— Task goal —
While you copy the lines below, skip the pictures and keep the rest exact.
(Records provided Opens)
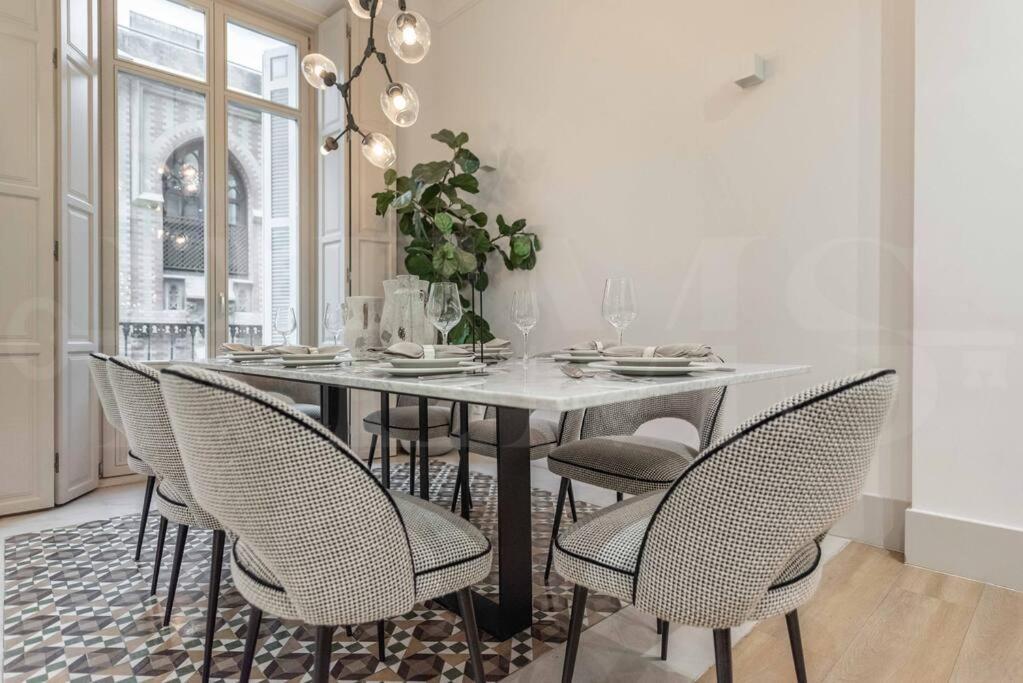 מאלגה Contemporary Loft In The Historic City Center By Rems מראה חיצוני תמונה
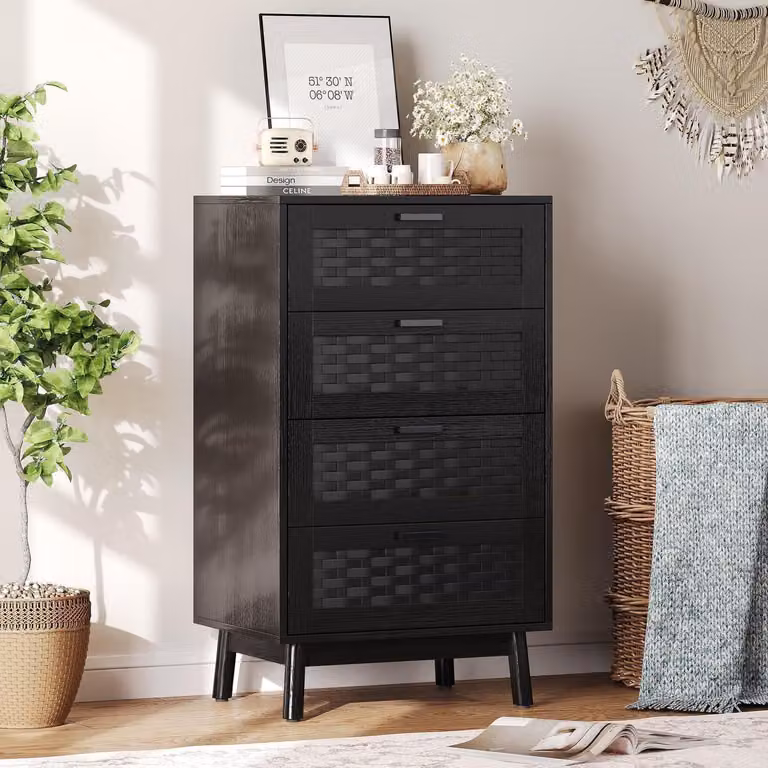 Comodino con 4 cassetti, aspetto rattan, dimensioni 55x40x95 cm, colore nero. Mobile contenitore, ideale per soggiorno o ingresso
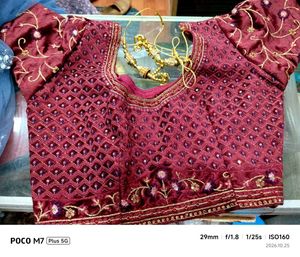 bridal heavy lehenga with full ghera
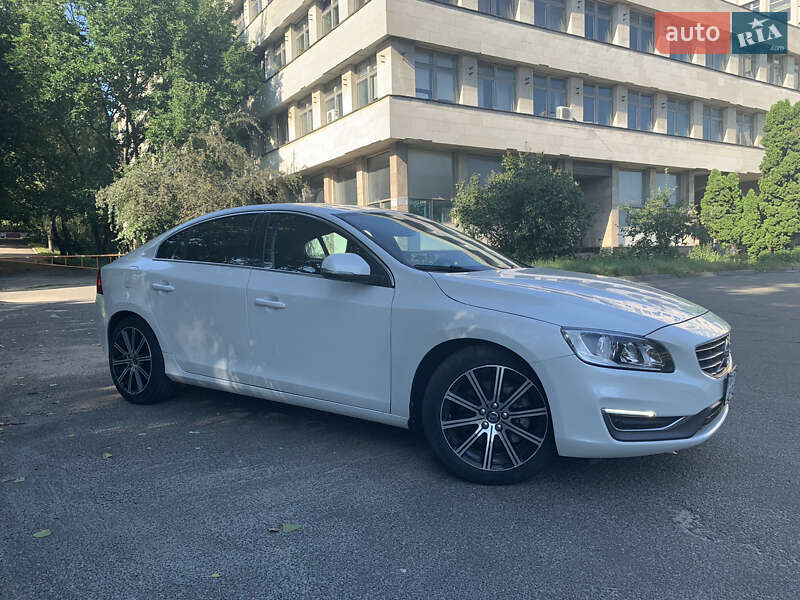 Седан Volvo S60 2017 в Киеве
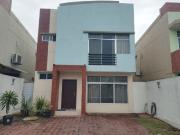 Casa de alquiler amoblada en la Urbanización Belo...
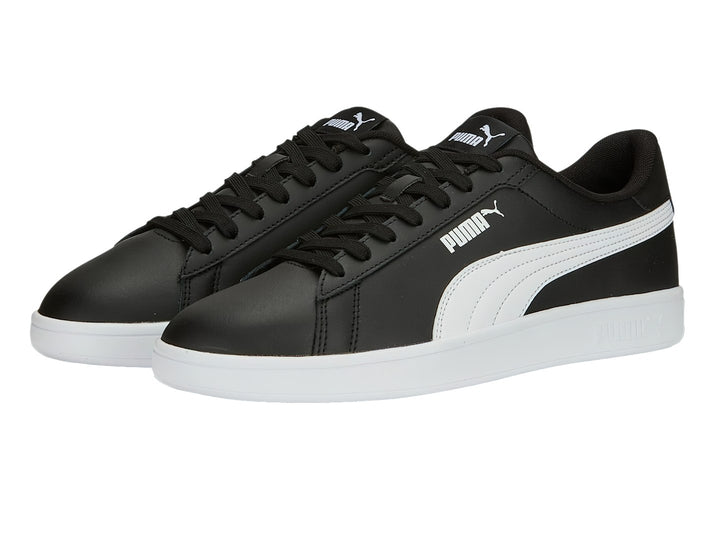 Tenis PUMA Smash 3.0 L en color negro con franja lateral y suela en color blanco.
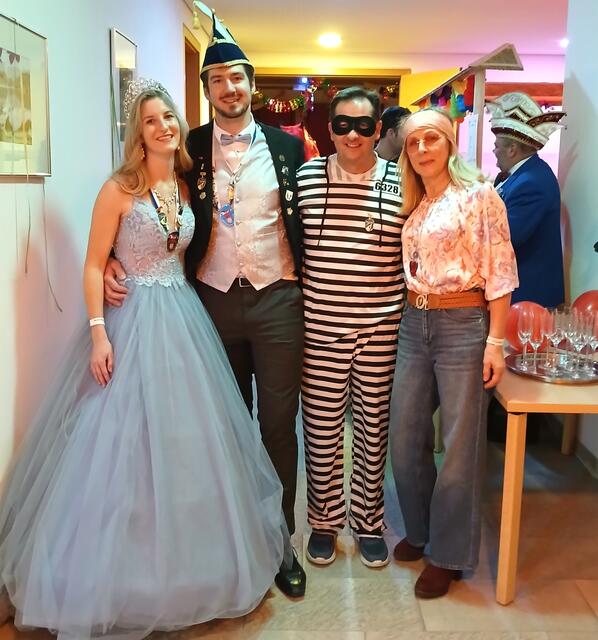 Prinzessin Martina Holl, Prinz Marvin Berger, Bürgermeister Kurt Pawluk, Gerlinde Grill (von links). Hinten rechts: WCC-Präsident Gerhard Schweiger  | Foto: SPÖ Roßleithen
(Records provided Closes)
— Exercise response —
 מאלגה Contemporary Loft In The Historic City Center By Rems מראה חיצוני תמונה
 Comodino con 4 cassetti, aspetto rattan, dimensioni 55x40x95 cm, colore nero. Mobile contenitore, ideale per soggiorno o ingresso
 bridal heavy lehenga with full ghera
 Седан Volvo S60 2017 в Киеве
 Casa de alquiler amoblada en la Urbanización Belo...
 Tenis PUMA Smash 3.0 L en color negro con franja lateral y suela en color blanco.
 Prinzessin Martina Holl, Prinz Marvin Berger, Bürgermeister Kurt Pawluk, Gerlinde Grill (von links). Hinten rechts: WCC-Präsident Gerhard Schweiger  | Foto: SPÖ Roßleithen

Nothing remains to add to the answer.